:: Input data ::
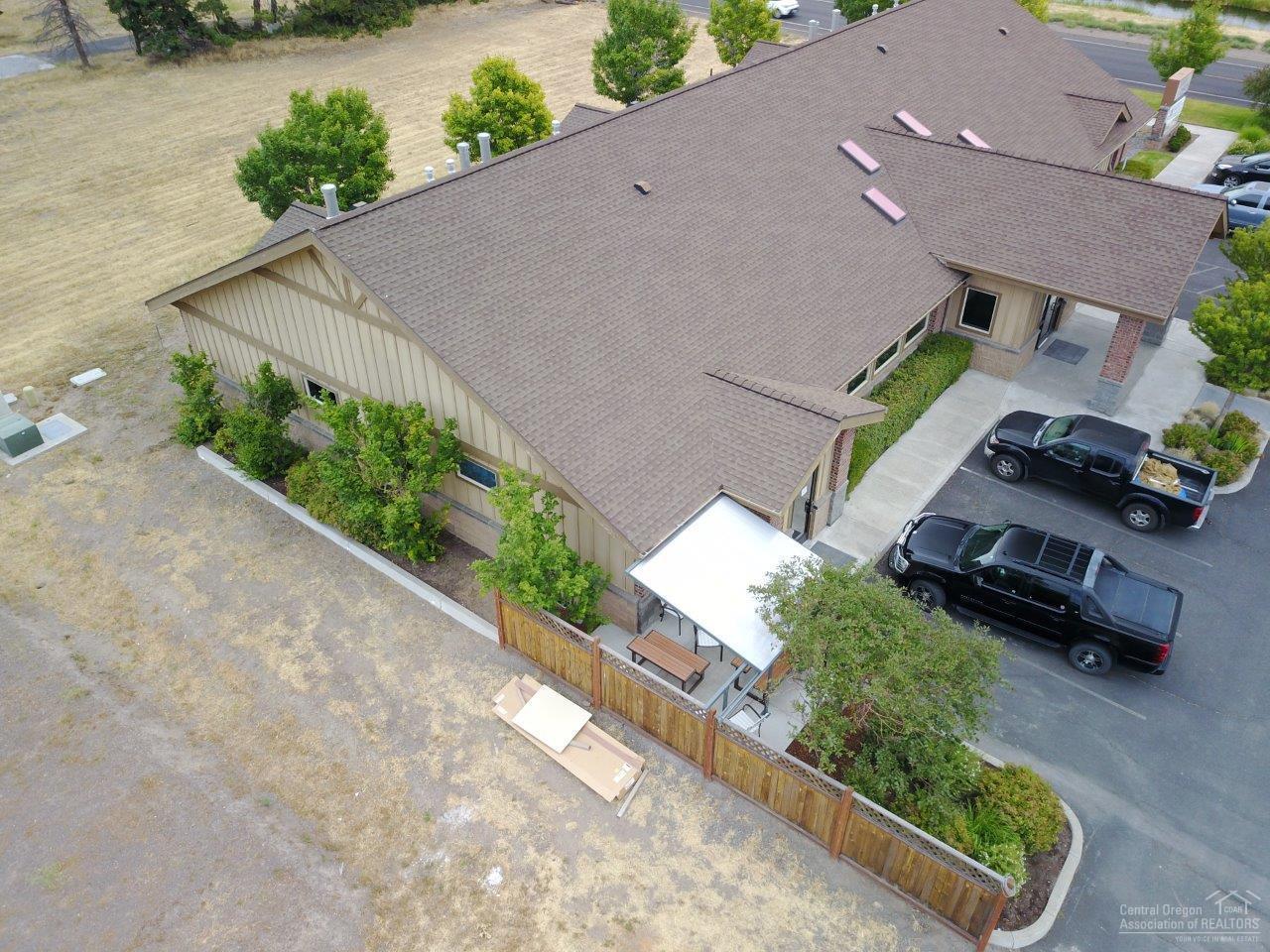 CLAR - Commercial Sale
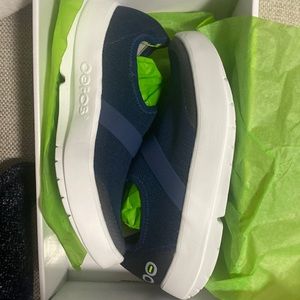 OOFOS - Brand new in original box, never been worn
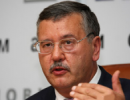 Гриценко ще давно радив Президенту не проволити парад з приводу Дня Незалежності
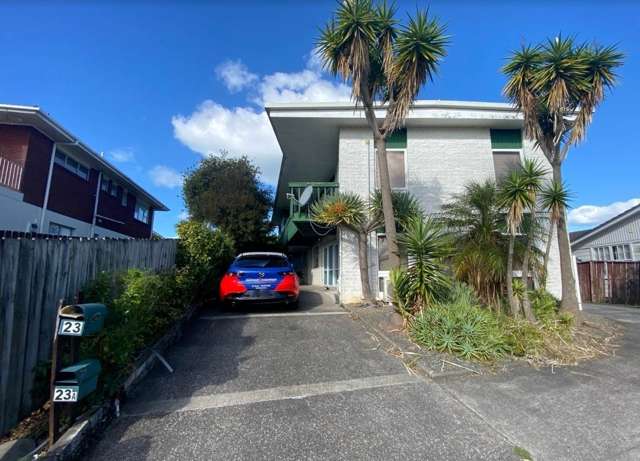 Spacious 3 Livings & 4 Bedrooms Home Macleans ...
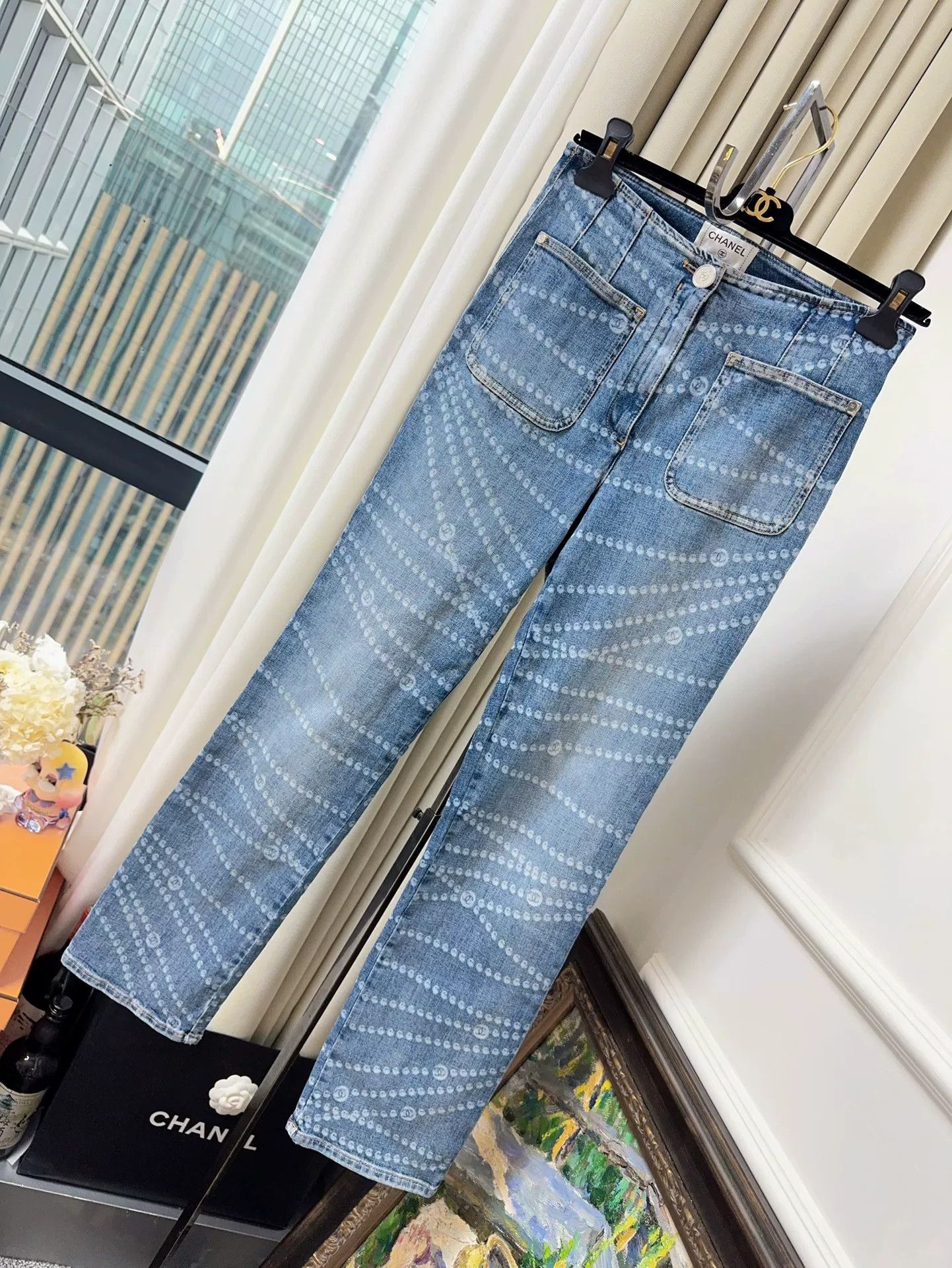 Chanel blue pearl print skinny jeans Size US 36 / EU 52 - 1 Thumbnail
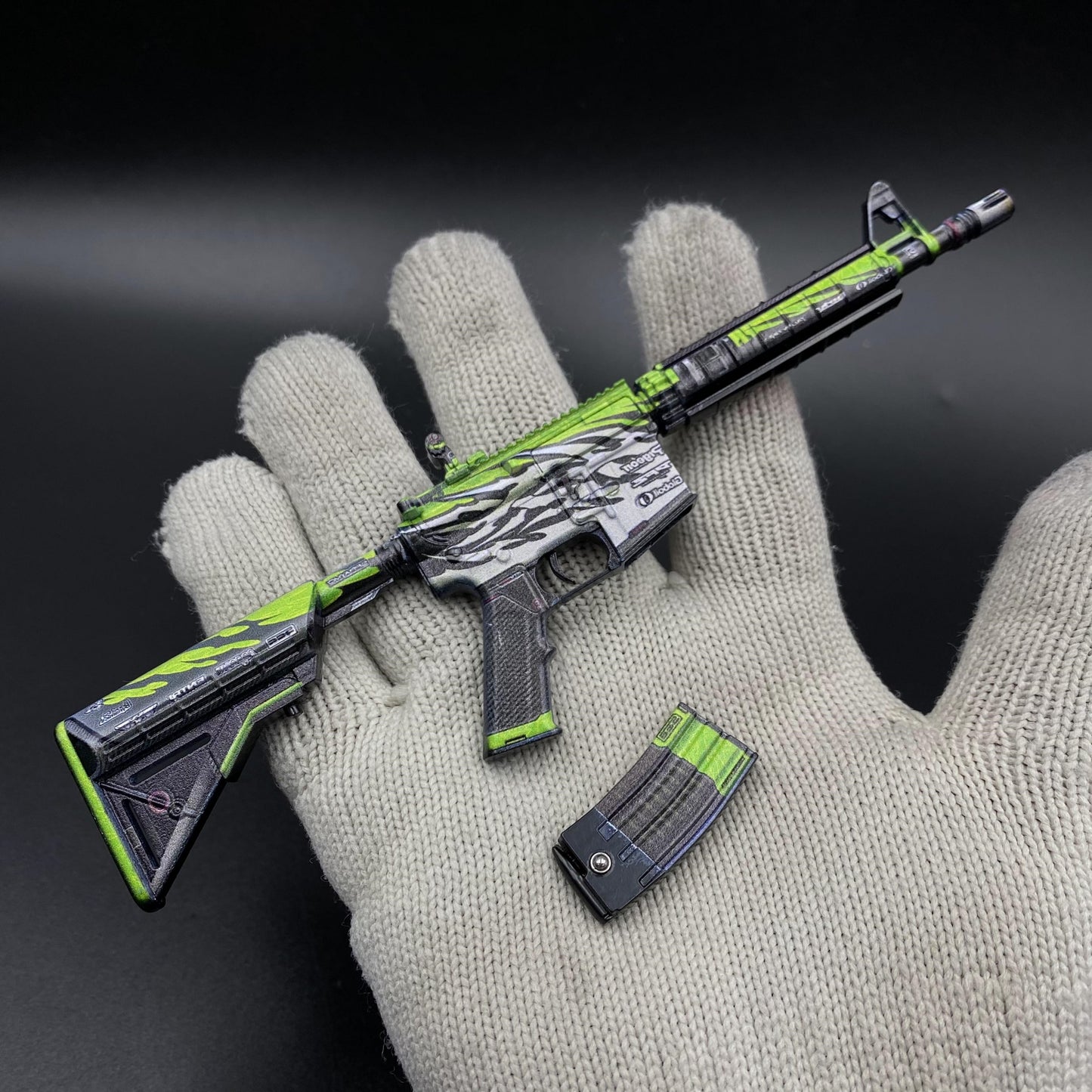 CS Game Skin M4A4 Full Throttle Mini Metal Game Replica For Collection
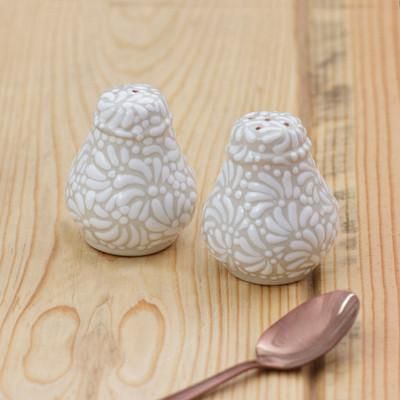 Sublime Spring,'Beige and Ivory Ceramic Salt and Pepper Set (2 pieces)'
:::
Problem requirements.
Transcription of the lines from the one with "Spacious 3 Livings" through the end of the entries is required, exact and with no pictures.

Answer to this problem.
 Spacious 3 Livings & 4 Bedrooms Home Macleans ...
 Chanel blue pearl print skinny jeans Size US 36 / EU 52 - 1 Thumbnail
 CS Game Skin M4A4 Full Throttle Mini Metal Game Replica For Collection
 Sublime Spring,'Beige and Ivory Ceramic Salt and Pepper Set (2 pieces)'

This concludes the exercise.